Sports News of Wednesday, 14 August 2019
Reaching the CAF Champions League semi-final as debutants in 2009 has been one of the biggest moments in the history of Kano Pillars.
As a ‘greenhorn’ in that season’s competition, Pillars turned heads, especially with their performances against one of Africa’s giants, Al-Ahly.
Sai Masu Gida scored two magnificent goals in Egypt as they drew 2–2, and then secured a 1–1 in Nigeria to progress on the away goals rule. The conquest of the Red Devils earned Pillars the nickname ‘Ahly Killers’ that year.
Although the Pyramid Boys were eventually stopped in the semi-final by fellow Nigerian team Heartland, that sweet memory of a dramatic campaign still lingers on.

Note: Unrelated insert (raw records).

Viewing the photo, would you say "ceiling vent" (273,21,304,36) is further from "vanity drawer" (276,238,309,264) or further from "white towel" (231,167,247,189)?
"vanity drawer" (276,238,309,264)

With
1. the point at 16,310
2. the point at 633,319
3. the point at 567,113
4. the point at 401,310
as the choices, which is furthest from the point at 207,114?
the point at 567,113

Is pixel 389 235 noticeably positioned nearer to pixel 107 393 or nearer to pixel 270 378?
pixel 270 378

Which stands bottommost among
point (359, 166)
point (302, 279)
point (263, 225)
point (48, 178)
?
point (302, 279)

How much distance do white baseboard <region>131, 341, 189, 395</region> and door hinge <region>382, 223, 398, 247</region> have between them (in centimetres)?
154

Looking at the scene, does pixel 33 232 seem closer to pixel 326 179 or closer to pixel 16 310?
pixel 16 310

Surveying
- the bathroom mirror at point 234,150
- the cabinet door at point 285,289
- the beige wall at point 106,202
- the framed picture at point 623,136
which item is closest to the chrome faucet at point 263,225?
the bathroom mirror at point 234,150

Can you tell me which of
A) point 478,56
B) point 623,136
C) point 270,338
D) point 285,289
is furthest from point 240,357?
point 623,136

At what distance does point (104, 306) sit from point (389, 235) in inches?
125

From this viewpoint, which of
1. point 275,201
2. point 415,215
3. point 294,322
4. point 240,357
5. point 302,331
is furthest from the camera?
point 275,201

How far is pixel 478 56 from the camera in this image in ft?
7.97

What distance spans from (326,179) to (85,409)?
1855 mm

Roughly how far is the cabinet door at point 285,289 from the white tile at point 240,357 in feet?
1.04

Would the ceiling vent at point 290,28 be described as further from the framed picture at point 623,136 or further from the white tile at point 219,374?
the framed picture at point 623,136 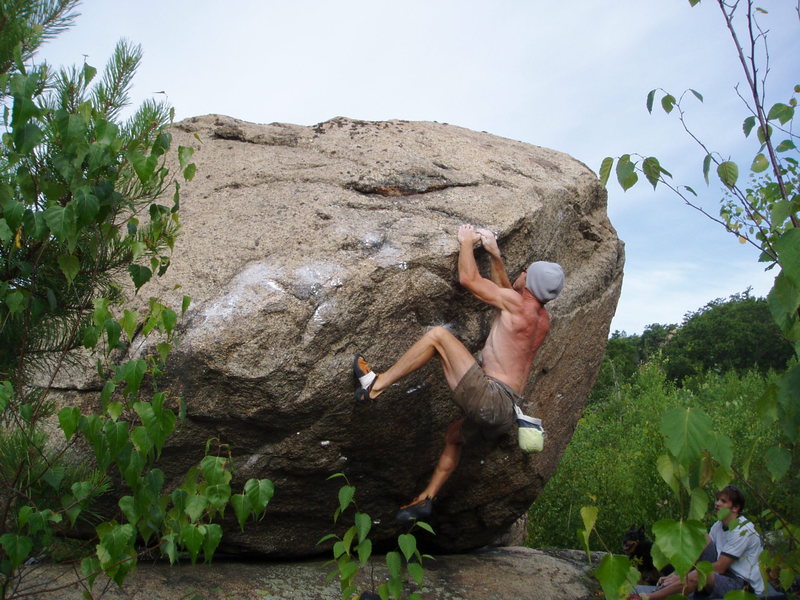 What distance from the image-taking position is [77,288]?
12.5ft

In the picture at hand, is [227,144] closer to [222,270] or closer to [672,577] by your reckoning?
[222,270]

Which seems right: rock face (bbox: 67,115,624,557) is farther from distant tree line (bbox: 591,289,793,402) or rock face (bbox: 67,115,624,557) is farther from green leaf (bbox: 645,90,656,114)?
distant tree line (bbox: 591,289,793,402)

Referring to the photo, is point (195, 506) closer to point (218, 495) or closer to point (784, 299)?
point (218, 495)

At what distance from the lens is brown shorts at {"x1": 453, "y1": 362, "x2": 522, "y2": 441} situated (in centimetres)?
458

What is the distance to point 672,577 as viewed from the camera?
5.79 m

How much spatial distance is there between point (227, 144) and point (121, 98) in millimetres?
2262

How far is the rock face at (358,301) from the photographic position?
4.43 metres

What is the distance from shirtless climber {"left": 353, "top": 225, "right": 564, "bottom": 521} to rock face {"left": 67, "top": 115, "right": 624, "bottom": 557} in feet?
0.46

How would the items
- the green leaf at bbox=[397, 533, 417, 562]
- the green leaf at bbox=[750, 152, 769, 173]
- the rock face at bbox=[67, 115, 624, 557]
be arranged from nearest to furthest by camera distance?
the green leaf at bbox=[750, 152, 769, 173] → the green leaf at bbox=[397, 533, 417, 562] → the rock face at bbox=[67, 115, 624, 557]

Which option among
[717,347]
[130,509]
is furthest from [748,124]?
[717,347]

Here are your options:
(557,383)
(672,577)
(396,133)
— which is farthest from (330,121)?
(672,577)

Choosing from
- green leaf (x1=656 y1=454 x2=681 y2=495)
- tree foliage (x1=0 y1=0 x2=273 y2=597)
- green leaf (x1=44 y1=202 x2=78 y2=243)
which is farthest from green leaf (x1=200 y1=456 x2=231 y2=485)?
green leaf (x1=656 y1=454 x2=681 y2=495)

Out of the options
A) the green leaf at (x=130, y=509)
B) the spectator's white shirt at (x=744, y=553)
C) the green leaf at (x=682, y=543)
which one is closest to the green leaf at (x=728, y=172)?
the green leaf at (x=682, y=543)

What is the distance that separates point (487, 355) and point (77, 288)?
2.31 metres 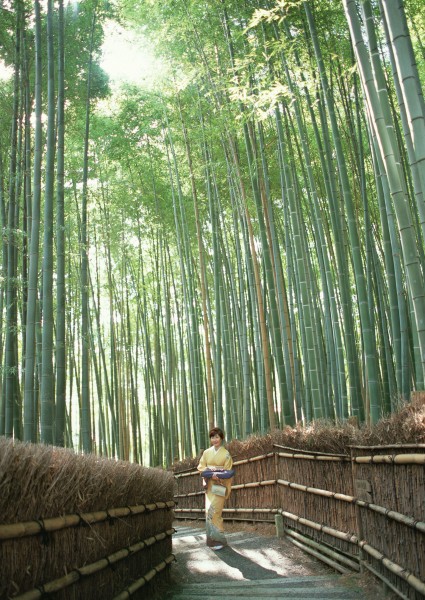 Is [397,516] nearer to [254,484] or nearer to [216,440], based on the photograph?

Sadly, ten years down the line, Pillars are yet to enact anything close to their maiden appearance, even as they enter their sixth campaign in the continent’s biggest club competition.
Since 2009, Pillars have always been knocked out in the first round, and they even failed to make it from the preliminary round in 2014.
Last weekend at the Sani Abacha Stadium in Kano, Pillars toiled to squeeze out a slender 3-2 win over Asante Kotoko.
That tricky result has struck fear in the hearts of many, as there is an apprehension that the four-time Nigeria League champions may be heading for another early exit from the Caf Champions League.
Why have Pillars underperformed?
The factors that have accounted for Pillars’ early exit in past years are multifaceted, and to a large extent not unique to them but Nigerian clubs in general.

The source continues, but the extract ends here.